EXERCISE DESCRIPTION:
Pictures must not appear in the copy. Restate exactly the lines below from the one with "लखनऊ अग्निकांड में" through the one with "Seabrook TX Vacation", inclusive.

EXTRACTED INFORMATION:
....

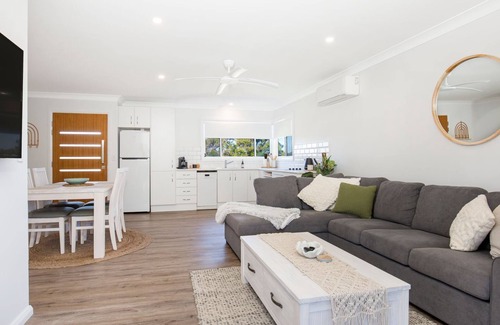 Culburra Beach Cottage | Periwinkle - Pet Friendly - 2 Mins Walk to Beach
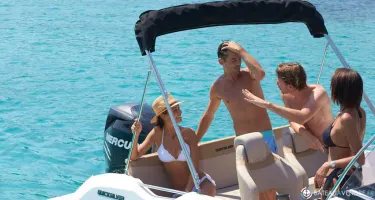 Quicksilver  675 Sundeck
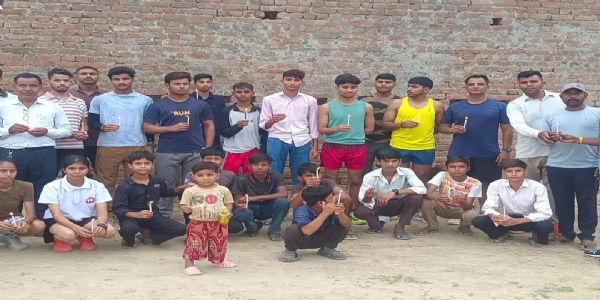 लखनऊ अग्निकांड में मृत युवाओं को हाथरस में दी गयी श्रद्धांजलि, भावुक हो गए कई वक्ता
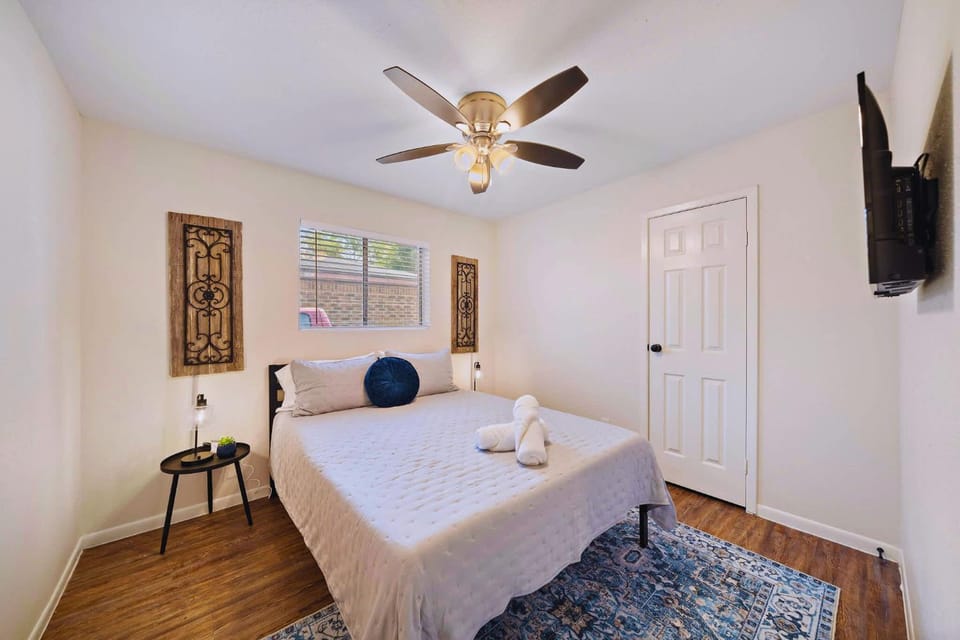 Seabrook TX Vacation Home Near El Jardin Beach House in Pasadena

....

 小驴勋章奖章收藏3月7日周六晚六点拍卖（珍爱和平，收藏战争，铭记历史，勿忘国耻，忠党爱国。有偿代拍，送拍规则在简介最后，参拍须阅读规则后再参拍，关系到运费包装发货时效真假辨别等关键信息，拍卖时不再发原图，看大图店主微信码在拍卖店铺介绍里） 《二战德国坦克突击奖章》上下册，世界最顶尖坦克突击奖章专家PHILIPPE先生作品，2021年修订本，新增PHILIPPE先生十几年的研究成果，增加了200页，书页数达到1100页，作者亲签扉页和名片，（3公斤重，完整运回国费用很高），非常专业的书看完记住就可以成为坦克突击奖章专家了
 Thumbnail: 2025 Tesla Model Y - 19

....

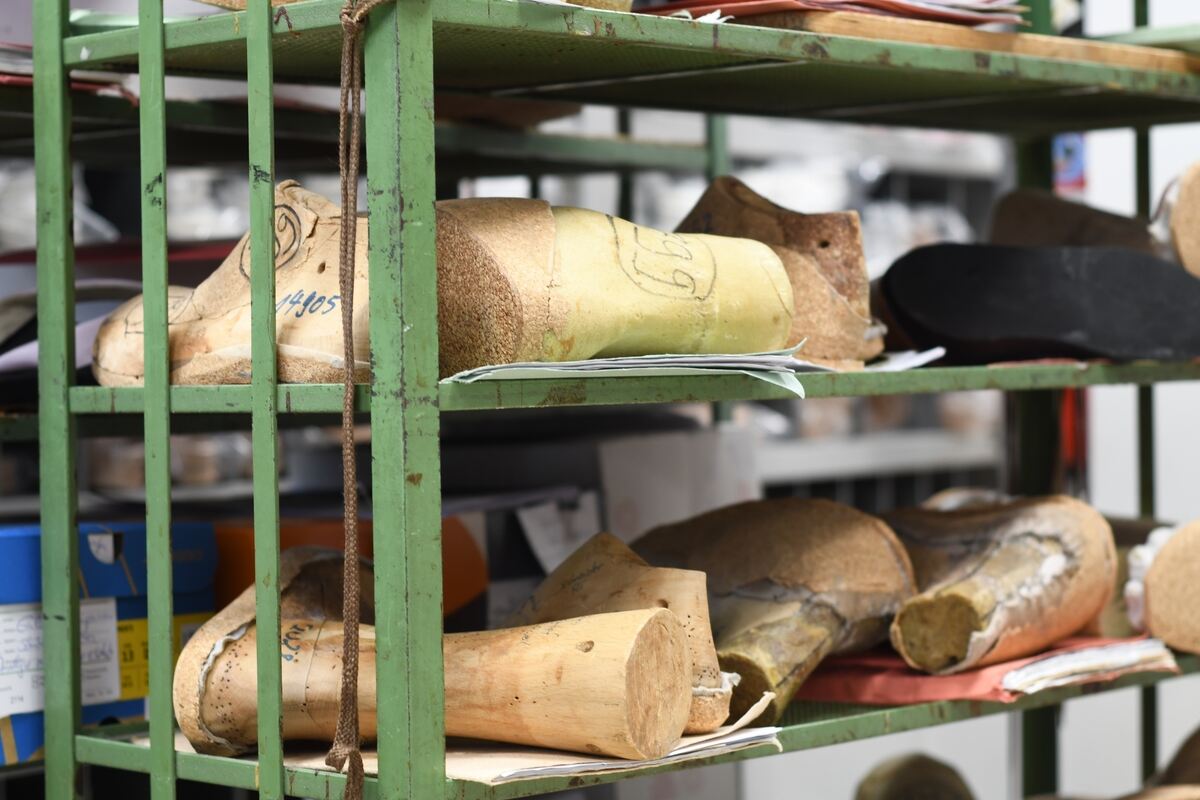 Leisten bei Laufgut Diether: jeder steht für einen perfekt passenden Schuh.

....

OUTPUT FOR THIS TASK:
 लखनऊ अग्निकांड में मृत युवाओं को हाथरस में दी गयी श्रद्धांजलि, भावुक हो गए कई वक्ता
 Seabrook TX Vacation Home Near El Jardin Beach House in Pasadena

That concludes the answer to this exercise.